A relatively small number of variables were deemed to be important in discriminating between Maltese honey from non-local honey samples. Among these variables were the major intensive signals dominating withing the 4.18–3.24 ppm region, which is contributed by the monosaccharides and disaccharides. The remaining chemical shifts with high discriminatory power were mainly within the 3.2–0.5 ppm and 8.5–6.0 ppm range. The former reveals the presence of several amino acids, including alanine, valine, leucine, and proline, which are derived from the salivary secretions during the conversion of nectar into honey. The latter range is due to the aromatic region of compounds such as phenylalanine, phenylacetic acid, polyphenols, and 5-hydroxymethylfurfural.
The complexity of the whole honey fraction may render the identification of the compounds difficult, therefore, phenolic extracts were considered to increase the sensitivity towards discrimination. In fact, phenolic acid and polyphenols have been suggested as possible discriminatory markers for the identification of both the botanical and geographical origins of honey [
36,
37]. Unfortunately, with regard to the phenolic extracts, both the unsupervised PCA and PLS-DA models were unsuccessful in discrimination. A possible explanation is that the samples studied in the referred literature had samples from different continents, whereas all the samples for our study were obtained from Europe, rendering them insufficiently different for discrimination analysis. Additionally, although the poplar species in Europe vary in pollen composition, these have similar flavonoid patterns in honey, which may also contribute to the lack of discrimination [
38]. On a more positive note, the LDA model was successful in classifying most of the sample tests correctly. Some of the best performing models developed were taken further for market surveillance analyses, in particular LDA models of zg30 and all noesypr1d models for the whole fraction. All of which reached an agreement regarding the classification of the five samples provided with unknown geographical origin.

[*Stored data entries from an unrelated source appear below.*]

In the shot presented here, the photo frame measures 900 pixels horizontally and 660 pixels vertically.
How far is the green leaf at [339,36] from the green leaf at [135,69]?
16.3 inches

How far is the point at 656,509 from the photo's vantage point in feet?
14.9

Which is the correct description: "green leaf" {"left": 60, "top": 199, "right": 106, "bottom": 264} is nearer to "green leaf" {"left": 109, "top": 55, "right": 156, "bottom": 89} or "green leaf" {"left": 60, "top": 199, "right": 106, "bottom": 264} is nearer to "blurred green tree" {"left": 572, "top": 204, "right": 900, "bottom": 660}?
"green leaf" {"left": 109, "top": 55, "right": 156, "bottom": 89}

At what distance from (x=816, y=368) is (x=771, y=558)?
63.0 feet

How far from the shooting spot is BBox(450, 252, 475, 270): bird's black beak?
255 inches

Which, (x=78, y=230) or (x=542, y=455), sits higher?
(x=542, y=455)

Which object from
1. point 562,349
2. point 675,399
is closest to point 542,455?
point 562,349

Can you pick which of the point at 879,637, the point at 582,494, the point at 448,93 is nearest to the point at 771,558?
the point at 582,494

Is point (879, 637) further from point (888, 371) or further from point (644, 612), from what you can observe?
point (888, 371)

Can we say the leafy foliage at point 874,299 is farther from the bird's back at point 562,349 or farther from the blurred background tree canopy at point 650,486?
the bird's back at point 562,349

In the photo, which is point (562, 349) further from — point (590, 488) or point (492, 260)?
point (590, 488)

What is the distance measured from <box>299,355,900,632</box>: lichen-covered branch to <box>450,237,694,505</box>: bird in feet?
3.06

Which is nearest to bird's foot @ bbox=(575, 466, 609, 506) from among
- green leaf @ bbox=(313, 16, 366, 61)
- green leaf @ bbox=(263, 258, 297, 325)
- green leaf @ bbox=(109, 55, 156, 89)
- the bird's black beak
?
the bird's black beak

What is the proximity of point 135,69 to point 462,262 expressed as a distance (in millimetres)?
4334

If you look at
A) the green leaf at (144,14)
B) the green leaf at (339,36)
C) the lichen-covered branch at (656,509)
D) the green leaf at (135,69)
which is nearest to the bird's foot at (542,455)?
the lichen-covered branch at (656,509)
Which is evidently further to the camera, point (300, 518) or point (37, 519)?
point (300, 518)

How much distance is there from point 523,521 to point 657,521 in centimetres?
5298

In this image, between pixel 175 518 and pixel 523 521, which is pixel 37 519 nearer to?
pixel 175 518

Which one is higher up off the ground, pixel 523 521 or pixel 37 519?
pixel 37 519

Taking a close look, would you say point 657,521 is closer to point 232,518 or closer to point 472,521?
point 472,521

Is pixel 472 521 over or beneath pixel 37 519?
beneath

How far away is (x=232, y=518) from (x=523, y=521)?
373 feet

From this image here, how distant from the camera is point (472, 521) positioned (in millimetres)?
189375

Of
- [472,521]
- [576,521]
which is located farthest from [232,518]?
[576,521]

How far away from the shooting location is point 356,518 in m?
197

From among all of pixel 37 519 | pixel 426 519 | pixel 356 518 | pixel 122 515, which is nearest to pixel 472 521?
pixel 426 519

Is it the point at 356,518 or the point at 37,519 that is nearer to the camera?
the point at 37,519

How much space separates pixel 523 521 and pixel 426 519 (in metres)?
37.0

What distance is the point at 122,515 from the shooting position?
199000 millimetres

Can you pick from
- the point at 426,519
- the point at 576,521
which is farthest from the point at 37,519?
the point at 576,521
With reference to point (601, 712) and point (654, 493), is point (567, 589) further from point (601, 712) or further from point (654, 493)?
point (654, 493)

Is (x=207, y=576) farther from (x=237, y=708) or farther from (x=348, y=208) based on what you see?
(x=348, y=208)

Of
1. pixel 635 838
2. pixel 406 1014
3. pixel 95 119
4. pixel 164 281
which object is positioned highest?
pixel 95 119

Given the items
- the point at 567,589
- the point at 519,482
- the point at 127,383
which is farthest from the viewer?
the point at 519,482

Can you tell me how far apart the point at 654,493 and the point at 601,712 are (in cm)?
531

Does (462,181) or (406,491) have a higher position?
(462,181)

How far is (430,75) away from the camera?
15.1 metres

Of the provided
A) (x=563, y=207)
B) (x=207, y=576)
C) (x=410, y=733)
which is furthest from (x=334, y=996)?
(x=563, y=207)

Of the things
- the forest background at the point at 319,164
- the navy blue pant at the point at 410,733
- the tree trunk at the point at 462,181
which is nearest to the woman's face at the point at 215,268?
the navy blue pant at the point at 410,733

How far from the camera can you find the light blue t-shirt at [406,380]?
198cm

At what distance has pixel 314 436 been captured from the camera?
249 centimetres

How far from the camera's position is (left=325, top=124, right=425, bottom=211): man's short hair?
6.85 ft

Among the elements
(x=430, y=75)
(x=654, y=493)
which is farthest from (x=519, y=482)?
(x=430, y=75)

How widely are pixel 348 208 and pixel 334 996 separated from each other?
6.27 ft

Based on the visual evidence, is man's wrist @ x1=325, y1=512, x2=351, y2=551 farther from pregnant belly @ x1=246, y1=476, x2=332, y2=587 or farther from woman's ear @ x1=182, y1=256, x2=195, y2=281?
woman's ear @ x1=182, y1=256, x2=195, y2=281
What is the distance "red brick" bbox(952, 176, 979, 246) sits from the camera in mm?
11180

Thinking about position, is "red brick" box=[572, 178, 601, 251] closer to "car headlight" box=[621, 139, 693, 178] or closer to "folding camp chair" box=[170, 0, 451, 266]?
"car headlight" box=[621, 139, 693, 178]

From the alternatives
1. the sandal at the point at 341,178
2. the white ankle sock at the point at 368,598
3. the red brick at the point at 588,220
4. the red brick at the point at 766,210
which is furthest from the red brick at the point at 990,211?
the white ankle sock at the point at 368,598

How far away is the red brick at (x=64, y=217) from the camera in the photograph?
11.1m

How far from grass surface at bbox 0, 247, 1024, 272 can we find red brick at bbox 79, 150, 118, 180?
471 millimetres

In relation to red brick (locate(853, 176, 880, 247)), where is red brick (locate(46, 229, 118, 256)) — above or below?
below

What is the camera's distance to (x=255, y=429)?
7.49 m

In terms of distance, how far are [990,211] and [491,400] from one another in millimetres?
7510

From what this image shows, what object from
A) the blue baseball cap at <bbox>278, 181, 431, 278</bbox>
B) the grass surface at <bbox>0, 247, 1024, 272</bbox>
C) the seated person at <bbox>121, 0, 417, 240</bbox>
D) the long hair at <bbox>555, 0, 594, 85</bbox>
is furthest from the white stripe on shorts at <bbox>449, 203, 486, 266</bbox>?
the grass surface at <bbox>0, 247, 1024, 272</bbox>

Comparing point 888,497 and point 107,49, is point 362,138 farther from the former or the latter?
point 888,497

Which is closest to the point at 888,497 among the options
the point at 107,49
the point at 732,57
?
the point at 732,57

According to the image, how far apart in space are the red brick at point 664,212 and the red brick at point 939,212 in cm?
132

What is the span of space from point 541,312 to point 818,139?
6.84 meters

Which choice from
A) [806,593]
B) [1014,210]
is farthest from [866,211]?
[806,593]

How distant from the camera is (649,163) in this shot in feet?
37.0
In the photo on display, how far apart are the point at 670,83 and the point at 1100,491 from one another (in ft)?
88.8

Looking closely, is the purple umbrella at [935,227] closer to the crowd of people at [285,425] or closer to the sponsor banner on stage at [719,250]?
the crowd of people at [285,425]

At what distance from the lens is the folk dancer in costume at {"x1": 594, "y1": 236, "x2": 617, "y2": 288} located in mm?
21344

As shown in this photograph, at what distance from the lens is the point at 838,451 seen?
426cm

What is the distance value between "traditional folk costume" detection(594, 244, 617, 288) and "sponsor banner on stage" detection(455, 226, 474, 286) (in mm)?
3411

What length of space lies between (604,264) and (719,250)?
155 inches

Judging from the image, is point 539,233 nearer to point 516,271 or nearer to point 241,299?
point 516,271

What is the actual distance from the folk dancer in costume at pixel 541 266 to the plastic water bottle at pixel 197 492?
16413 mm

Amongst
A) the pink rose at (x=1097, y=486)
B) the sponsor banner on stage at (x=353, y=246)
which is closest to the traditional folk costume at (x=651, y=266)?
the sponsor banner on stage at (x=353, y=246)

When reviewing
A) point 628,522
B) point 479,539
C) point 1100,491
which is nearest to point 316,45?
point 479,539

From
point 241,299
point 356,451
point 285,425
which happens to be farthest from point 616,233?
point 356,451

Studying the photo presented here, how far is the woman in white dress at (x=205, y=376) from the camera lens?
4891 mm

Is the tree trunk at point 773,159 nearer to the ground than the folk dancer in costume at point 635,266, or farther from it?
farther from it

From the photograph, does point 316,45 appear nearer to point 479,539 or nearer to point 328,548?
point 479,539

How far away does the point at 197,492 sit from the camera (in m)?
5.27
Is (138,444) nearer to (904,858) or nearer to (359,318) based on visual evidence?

Throughout the entire data interpretation, it was essential not to take any value in isolation, especially when considering the relatively small sample size used in this preliminary study. To reduce errors, the samples were tested with the unsupervised technique to remove any outlier should this be detected. More importantly, to avoid the problem where a model could overfit even though the percentage accuracy was high, the difference between the training and the prediction percentage accuracy was considered. The small differences between the two indicated that the model was indeed not overfitting. It can thus be concluded that careful development and diligent interpretation of the multivariable statistical models serve as a fast, and reliable tool to make geographical predictions with relatively little effort as compared to manual procedures.